╔══

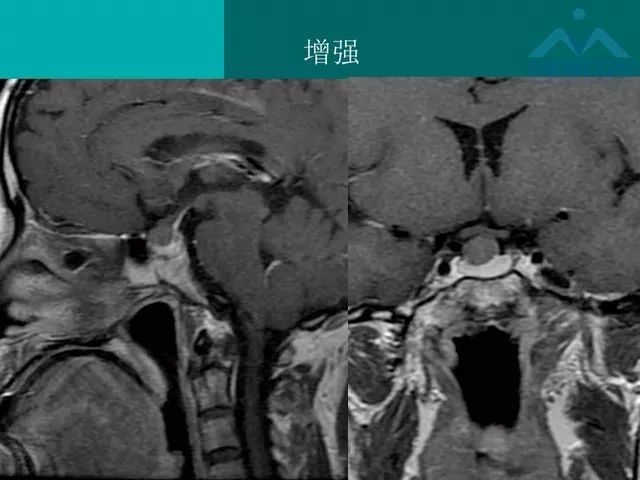 【PPT】儿童Rathke裂囊肿的诊断要点及临床特征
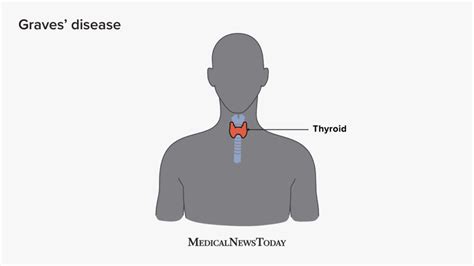 Graves Disease Symptoms Treatment And Causes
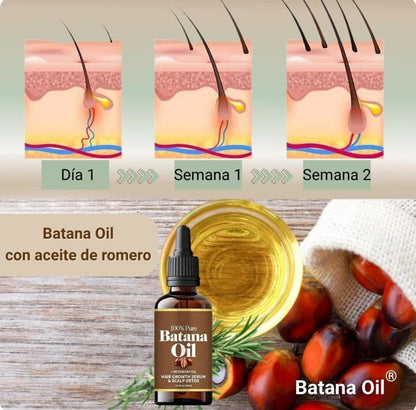2X1 ACEITE DE BATANA PARA EL CRECIMIENTO DE CABELLO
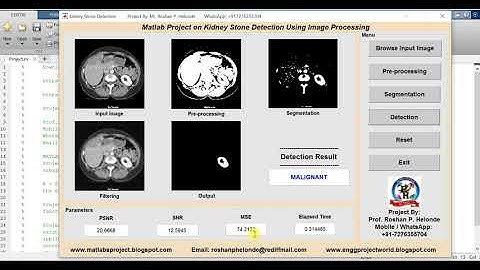 Kidney Stone Analysis Using Image Processing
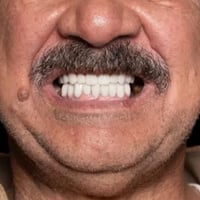 تنضيف الأسنان وفحص مجانا علينا ازرع او ابتسامة  حسب اخيتارك قشور ايماك...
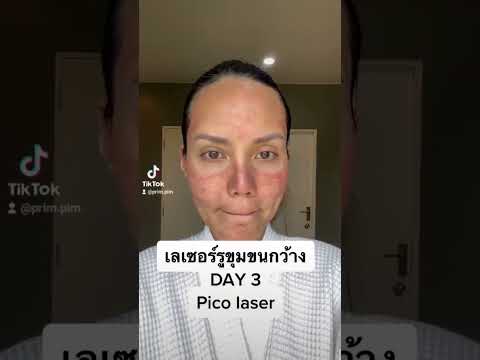 pico laser DAY3 #skincare #makeup #แต่งหน้า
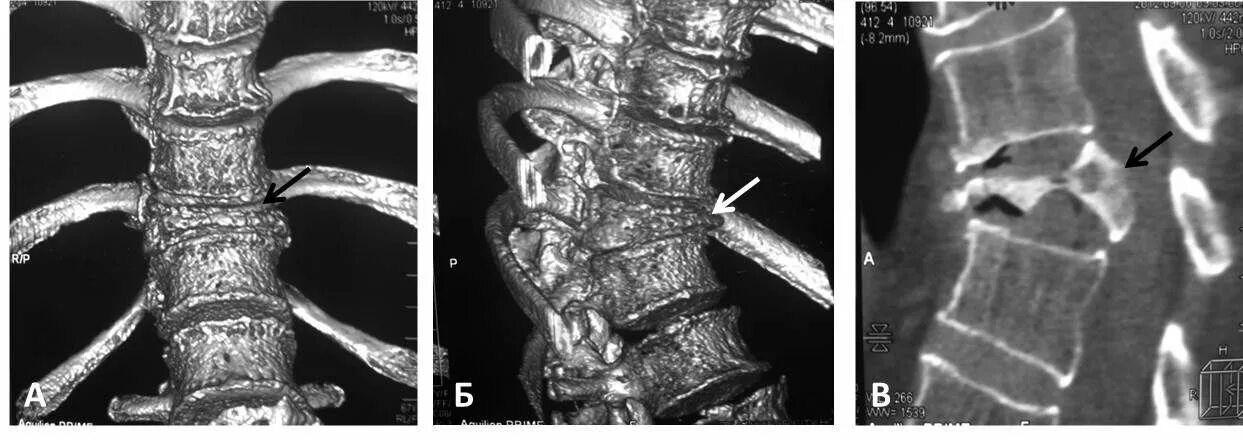 Компрессионный перелом позвоночника th11. Компрессионный перелом позвонков мрт. Компрессионный перелом позвоночника 11 позвонка. Компрессионный перелом грудного позвонка мрт. Операция смещение позвоночника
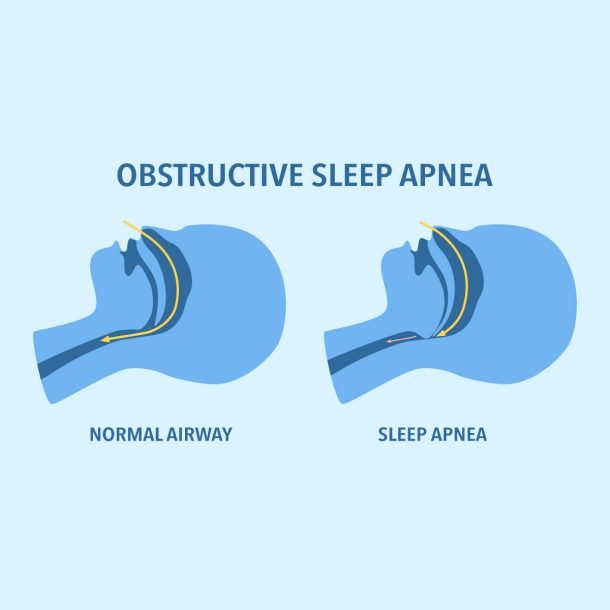 Obstructive sleep apnea diagnosis by Dr. Daksh Sharma in Bhopal
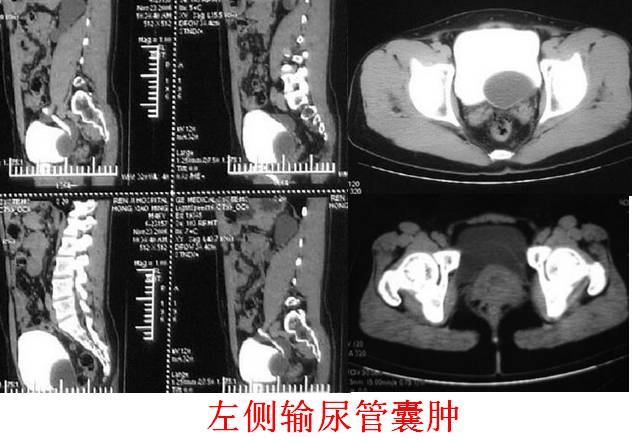 输尿管囊肿 输尿管囊肿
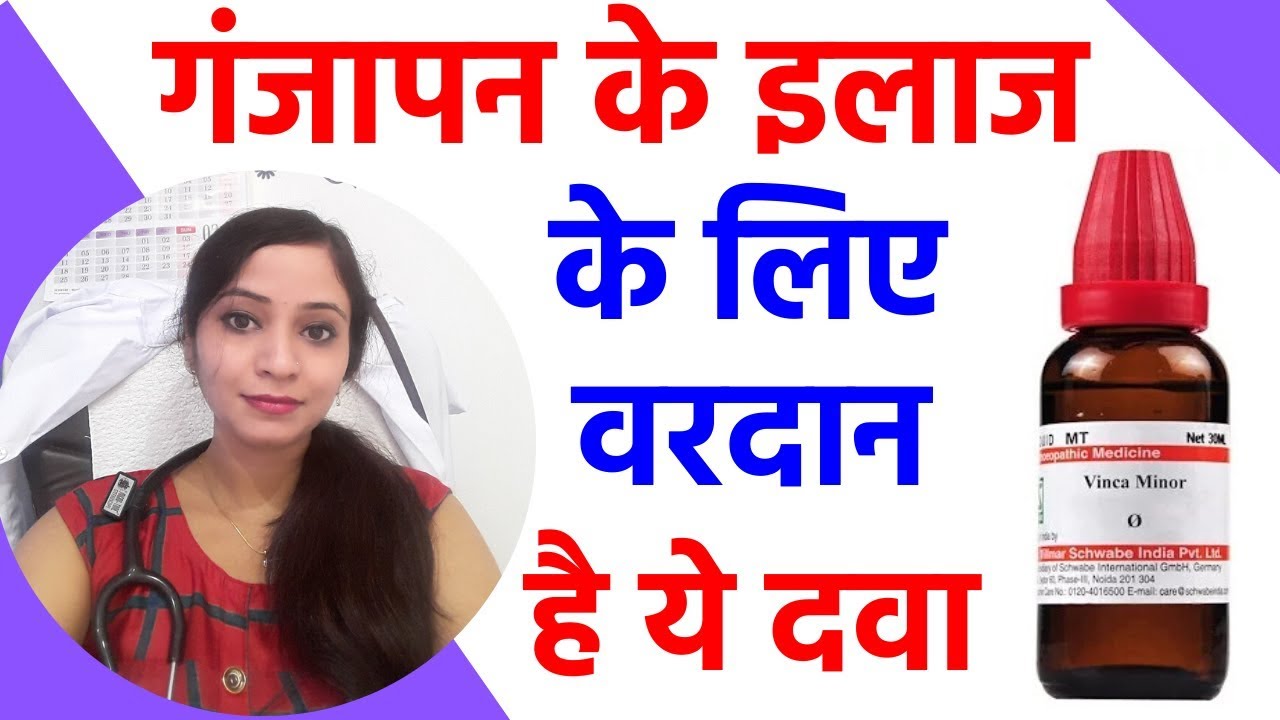 गंजापन का इलाज | गंजेपन को दूर करने के उपाय | गंजापन ख़त्म करने का तरीका| alopecia areata homeopathic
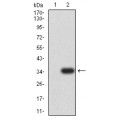 anti-HYAL1 antibody (Hyaluronidase-1) (N-Term)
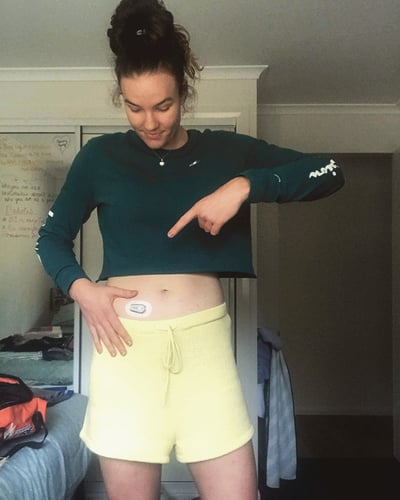 Lara wearing Dexcom G6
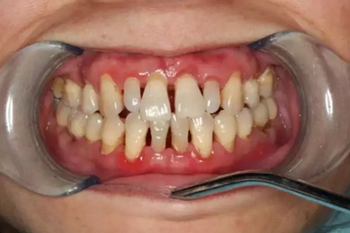 牙齦碰不得，一碰就出血。這是咋回事？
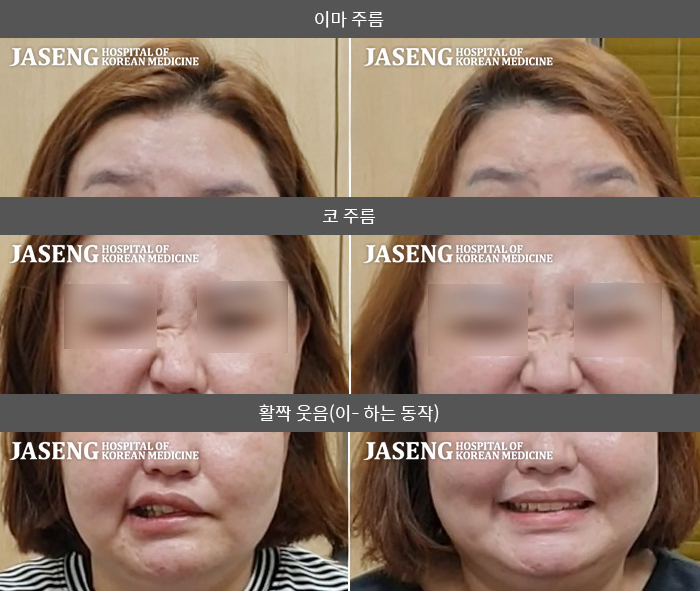 자생한방병원 치료사례 MRI로 보는 치료결과-좌측 안면부 감각저하, 좌측눈 닫히지 않아 시림. 발음 어눌하고 음수 시 물이 샘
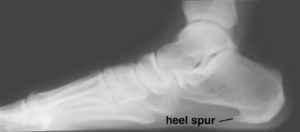 heel spur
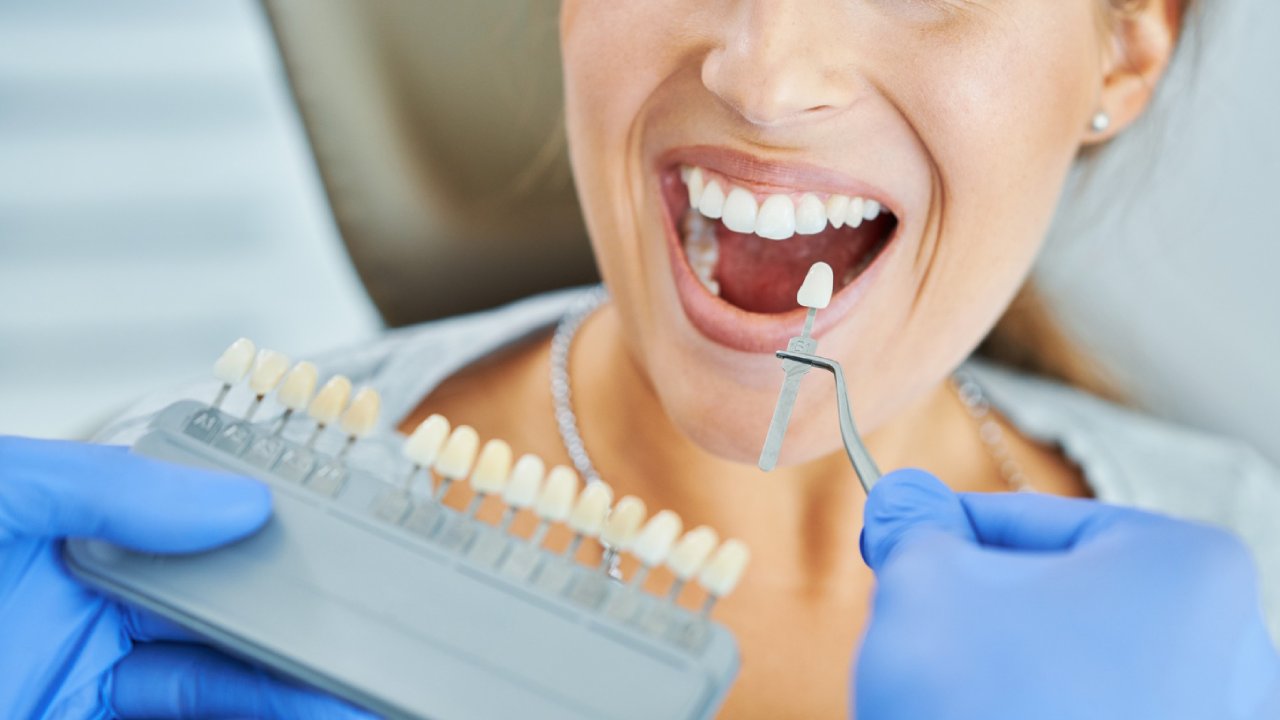 Veneers vs. Crowns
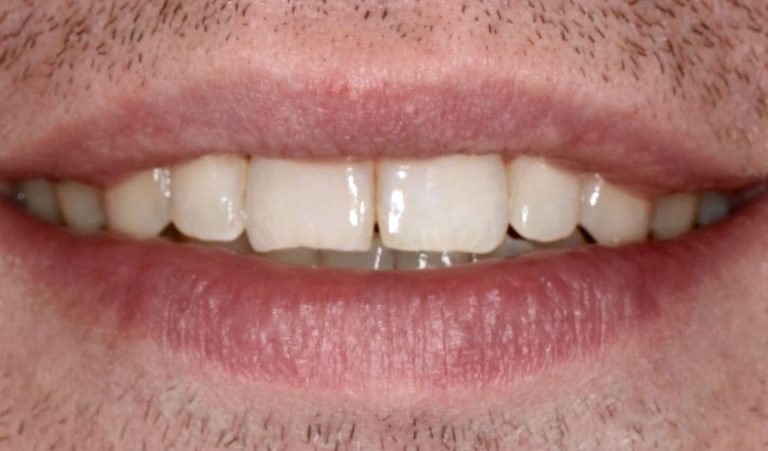 Two stage treatment of distal occlusion with help of orthodontic appliance “Herix” and self-ligating braces for adult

╚══

▶ [THE TASK]:
Your copy should hold the lines from the one with "Graves Disease Symptoms Treatment And Causes" up to and including the one with "牙齦碰不得，一碰就出血。這是咋回事？", exactly as in the data above, and no pictures.

▶ [THE COMPLETED TASK]:
 Graves Disease Symptoms Treatment And Causes
2X1 ACEITE DE BATANA PARA EL CRECIMIENTO DE CABELLO
 Kidney Stone Analysis Using Image Processing
 تنضيف الأسنان وفحص مجانا علينا ازرع او ابتسامة  حسب اخيتارك قشور ايماك...
 pico laser DAY3 #skincare #makeup #แต่งหน้า
 Компрессионный перелом позвоночника th11. Компрессионный перелом позвонков мрт. Компрессионный перелом позвоночника 11 позвонка. Компрессионный перелом грудного позвонка мрт. Операция смещение позвоночника
 Obstructive sleep apnea diagnosis by Dr. Daksh Sharma in Bhopal
 输尿管囊肿 输尿管囊肿
 गंजापन का इलाज | गंजेपन को दूर करने के उपाय | गंजापन ख़त्म करने का तरीका| alopecia areata homeopathic
 anti-HYAL1 antibody (Hyaluronidase-1) (N-Term)
 Lara wearing Dexcom G6
 牙齦碰不得，一碰就出血。這是咋回事？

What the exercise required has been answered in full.